Personal information
- Full name: Roger William Ashton
- Date of birth: 16 August 1921
- Place of birth: Llanidloes, Wales
- Date of death: July 1985 (aged 63)
- Place of death: Neath, Wales
- Position: Goalkeeper

Senior career*
- Years: Team / Apps / (Gls)
- 1946–1948: Wrexham / 0 / (0)
- 1948–1949: Cardiff City / 1 / (0)
- 1949: Bath City / 2 / (0)
- 1949–1950: Newport County / 10 / (0)
- 1950: Merthyr Tydfil
- 1950–1951: Newport County / 1 / (0)

= Roger Ashton (footballer) =

Welsh footballer

Roger William Ashton (16 August 1921 – July 1985) was a Welsh professional footballer who played as a goalkeeper.

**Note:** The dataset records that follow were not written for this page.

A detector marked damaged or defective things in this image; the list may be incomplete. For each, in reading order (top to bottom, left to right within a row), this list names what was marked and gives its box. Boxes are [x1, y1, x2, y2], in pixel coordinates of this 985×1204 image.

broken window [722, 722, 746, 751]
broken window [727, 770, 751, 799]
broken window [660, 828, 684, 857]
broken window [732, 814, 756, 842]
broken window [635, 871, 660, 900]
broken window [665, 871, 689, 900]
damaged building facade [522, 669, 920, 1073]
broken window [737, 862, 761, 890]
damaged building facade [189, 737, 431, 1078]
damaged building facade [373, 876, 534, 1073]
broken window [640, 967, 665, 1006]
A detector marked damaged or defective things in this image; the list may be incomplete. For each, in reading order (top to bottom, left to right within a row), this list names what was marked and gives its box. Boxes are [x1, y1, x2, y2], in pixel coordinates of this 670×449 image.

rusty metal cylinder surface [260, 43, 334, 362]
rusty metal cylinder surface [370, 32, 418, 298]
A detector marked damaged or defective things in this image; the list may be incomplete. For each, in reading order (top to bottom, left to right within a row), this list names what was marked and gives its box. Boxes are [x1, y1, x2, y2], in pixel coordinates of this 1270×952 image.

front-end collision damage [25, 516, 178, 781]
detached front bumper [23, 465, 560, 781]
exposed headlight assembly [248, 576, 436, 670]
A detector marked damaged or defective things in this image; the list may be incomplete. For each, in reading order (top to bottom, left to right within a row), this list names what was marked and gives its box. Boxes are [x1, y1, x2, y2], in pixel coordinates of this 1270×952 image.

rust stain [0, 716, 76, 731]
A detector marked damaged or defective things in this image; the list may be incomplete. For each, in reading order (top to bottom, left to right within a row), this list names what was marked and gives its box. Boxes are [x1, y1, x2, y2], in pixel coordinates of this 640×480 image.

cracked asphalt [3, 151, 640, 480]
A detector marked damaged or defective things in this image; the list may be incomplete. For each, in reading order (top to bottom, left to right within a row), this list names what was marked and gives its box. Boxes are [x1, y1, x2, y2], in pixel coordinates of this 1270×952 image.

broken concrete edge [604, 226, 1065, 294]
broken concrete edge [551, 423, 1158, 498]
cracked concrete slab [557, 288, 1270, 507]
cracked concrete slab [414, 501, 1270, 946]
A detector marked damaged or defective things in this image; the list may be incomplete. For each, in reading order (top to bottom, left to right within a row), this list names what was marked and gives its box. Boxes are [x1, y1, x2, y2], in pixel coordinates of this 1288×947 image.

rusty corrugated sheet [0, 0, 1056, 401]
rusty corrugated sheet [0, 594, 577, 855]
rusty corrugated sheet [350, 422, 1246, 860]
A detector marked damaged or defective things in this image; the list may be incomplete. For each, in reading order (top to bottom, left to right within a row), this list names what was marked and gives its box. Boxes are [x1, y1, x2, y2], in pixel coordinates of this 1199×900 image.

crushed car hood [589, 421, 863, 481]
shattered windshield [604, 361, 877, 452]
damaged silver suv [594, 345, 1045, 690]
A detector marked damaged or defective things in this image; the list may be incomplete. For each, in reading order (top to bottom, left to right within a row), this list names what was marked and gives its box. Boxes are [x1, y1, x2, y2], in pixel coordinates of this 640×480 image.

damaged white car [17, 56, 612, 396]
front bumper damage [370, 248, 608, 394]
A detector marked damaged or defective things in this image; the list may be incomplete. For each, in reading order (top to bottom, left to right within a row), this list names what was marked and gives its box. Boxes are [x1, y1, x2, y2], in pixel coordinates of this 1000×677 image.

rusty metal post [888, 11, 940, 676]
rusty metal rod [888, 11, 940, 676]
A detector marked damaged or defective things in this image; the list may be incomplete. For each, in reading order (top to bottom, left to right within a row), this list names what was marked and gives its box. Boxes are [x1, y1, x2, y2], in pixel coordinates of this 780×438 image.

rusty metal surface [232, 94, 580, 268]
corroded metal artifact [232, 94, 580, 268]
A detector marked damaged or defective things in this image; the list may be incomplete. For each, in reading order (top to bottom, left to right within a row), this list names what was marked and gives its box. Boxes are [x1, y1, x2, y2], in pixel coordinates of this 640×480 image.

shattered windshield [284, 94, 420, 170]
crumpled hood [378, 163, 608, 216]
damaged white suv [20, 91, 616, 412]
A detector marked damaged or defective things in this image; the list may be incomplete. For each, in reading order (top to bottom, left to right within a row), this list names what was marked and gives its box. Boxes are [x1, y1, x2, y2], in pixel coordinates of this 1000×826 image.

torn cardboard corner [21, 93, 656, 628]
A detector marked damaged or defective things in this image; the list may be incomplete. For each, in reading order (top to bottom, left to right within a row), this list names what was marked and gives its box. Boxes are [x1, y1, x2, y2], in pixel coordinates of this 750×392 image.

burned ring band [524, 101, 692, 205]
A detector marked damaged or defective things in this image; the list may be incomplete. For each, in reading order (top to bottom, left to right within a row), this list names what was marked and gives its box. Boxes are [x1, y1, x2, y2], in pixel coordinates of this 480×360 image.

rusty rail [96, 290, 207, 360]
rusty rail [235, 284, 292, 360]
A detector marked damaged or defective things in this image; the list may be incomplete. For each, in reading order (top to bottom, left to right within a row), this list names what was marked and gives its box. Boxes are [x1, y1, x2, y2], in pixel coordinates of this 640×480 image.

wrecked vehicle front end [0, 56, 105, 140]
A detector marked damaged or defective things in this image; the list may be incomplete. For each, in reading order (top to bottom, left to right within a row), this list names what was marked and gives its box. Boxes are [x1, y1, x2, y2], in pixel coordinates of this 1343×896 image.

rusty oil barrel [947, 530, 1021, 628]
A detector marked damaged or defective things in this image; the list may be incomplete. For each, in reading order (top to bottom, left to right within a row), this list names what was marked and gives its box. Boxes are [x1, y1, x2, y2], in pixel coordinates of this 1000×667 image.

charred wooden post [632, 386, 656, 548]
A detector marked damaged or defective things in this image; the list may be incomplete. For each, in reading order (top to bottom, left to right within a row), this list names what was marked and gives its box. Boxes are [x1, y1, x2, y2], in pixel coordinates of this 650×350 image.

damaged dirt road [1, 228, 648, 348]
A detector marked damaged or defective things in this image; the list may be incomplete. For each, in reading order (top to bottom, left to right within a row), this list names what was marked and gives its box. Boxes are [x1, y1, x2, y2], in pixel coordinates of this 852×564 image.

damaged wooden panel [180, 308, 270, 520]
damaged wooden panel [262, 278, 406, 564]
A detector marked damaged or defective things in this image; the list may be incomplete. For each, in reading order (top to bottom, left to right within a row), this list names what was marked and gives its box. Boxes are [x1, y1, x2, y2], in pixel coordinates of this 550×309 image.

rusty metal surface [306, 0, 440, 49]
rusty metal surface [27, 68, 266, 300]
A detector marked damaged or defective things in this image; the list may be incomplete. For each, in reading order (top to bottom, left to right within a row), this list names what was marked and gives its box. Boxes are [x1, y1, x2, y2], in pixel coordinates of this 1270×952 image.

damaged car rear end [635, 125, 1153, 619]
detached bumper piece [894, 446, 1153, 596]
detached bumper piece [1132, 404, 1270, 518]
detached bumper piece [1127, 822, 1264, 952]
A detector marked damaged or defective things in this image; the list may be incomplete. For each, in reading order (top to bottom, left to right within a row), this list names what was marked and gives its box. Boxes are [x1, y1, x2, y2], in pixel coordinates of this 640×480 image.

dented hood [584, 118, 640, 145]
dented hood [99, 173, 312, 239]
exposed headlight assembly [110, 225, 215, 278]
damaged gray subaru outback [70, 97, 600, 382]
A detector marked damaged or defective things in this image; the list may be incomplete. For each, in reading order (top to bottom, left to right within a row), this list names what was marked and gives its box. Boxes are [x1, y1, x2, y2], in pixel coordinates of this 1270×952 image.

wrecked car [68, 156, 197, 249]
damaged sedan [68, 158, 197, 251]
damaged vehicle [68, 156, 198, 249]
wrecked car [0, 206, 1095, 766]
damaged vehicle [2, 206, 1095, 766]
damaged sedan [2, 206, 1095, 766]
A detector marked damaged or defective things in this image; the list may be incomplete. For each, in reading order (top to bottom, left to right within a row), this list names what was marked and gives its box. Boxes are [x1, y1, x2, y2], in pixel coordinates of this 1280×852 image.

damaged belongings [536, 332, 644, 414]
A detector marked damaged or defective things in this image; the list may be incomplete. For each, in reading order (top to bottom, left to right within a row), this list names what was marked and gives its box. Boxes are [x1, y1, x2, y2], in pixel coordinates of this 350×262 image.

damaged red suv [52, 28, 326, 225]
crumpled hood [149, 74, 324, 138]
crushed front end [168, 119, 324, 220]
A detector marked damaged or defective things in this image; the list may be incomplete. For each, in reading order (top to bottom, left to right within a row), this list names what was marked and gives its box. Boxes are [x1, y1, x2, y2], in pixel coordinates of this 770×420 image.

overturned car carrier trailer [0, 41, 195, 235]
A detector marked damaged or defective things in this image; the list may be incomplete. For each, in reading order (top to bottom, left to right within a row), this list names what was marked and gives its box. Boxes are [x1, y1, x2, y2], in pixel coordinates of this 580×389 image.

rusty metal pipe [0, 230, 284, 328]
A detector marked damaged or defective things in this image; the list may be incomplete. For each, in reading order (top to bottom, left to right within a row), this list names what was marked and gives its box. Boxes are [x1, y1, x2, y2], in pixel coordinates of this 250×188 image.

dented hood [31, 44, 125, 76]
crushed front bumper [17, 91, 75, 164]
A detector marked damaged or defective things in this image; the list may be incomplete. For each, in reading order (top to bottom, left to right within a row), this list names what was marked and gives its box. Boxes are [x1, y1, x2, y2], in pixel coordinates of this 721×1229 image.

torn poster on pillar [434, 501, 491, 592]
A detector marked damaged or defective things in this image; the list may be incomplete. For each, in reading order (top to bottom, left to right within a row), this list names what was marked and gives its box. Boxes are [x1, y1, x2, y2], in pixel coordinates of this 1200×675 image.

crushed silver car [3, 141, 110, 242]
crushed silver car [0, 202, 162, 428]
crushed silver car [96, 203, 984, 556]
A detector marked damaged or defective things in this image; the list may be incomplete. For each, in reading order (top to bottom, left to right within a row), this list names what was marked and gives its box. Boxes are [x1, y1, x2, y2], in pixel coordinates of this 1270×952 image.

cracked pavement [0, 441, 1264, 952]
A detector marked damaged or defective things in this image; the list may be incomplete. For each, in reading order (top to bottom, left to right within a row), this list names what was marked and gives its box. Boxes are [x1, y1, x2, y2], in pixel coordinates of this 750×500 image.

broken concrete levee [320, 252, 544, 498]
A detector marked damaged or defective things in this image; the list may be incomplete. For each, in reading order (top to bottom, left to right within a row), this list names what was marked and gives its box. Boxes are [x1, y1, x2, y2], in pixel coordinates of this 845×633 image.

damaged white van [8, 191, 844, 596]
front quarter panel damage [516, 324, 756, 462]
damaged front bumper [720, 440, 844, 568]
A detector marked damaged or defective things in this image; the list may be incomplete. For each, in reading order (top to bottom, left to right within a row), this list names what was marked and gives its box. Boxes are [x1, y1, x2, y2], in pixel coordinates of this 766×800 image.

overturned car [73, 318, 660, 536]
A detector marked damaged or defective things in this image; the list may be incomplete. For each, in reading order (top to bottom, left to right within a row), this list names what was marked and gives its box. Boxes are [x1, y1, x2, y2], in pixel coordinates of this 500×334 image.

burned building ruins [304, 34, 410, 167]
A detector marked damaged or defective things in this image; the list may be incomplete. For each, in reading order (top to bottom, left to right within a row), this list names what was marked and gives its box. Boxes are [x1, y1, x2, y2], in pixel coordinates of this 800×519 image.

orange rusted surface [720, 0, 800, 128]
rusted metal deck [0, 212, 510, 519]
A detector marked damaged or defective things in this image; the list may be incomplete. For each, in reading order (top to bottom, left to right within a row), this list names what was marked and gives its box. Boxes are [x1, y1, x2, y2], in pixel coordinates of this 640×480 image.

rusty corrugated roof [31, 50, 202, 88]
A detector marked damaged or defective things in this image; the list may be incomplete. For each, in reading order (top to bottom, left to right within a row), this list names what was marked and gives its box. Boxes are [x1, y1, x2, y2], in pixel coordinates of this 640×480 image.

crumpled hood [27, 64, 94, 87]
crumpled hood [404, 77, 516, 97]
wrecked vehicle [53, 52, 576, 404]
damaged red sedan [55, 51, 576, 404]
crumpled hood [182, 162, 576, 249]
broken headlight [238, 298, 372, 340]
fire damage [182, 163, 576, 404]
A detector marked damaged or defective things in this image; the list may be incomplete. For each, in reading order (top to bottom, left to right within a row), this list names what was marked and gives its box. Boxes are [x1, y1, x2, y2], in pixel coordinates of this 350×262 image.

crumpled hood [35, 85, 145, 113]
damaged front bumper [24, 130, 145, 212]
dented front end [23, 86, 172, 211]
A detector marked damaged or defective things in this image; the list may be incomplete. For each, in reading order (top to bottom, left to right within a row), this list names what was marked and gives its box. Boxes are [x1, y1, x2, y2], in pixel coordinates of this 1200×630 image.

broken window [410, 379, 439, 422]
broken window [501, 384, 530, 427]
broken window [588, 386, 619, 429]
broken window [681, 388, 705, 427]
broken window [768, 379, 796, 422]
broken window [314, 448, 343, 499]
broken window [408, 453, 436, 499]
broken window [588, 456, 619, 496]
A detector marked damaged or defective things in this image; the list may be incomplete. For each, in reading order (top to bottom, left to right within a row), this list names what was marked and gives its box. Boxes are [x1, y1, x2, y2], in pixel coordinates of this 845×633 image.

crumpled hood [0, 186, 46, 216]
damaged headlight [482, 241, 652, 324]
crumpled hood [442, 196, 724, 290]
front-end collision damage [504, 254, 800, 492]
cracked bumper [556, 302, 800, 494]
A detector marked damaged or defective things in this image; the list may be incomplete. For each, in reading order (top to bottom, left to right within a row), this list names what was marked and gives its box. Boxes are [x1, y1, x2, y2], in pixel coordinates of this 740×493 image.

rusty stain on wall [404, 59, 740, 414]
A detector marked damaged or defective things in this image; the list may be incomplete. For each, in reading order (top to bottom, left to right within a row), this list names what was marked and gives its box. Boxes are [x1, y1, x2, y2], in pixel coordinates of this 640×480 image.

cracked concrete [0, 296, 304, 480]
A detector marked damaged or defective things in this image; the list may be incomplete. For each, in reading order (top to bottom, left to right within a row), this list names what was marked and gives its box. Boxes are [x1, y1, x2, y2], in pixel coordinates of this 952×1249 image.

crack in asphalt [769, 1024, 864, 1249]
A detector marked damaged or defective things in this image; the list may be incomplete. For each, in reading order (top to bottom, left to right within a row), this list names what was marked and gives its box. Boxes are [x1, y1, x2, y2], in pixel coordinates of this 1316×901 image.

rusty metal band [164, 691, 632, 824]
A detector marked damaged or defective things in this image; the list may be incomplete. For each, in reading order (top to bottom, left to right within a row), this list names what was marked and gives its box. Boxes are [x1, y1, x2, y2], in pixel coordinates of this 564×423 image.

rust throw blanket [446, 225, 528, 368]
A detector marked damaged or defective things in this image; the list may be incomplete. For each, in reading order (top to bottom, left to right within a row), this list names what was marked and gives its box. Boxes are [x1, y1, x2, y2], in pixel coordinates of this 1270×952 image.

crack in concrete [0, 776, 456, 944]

During his career, he made twelve appearances in The Football League during spells with Cardiff City and Newport County.

==Career==
Ashton began his career with Wrexham following the return of The Football League at the end of World War II. However, he failed to break into the first team and was released in 1948 without making an appearance. He joined Cardiff City in April 1948 and, after impressing for their reserve side, he was handed his professional debut on the final day of the 1947–48 season. Replacing Danny Canning in goal, he played in a 2–1 defeat to Barnsley. The following season, he remained as backup to Canning's replacement Phil Joslin but struggled to make an impression and was released.

He joined non-league side Bath City soon after but returned to the Football League with Newport County in December 1949. He made ten league appearances for Newport before joining Merthyr Tydfil. He briefly returned to Newport the following season, making a single appearance before dropping out of professional football.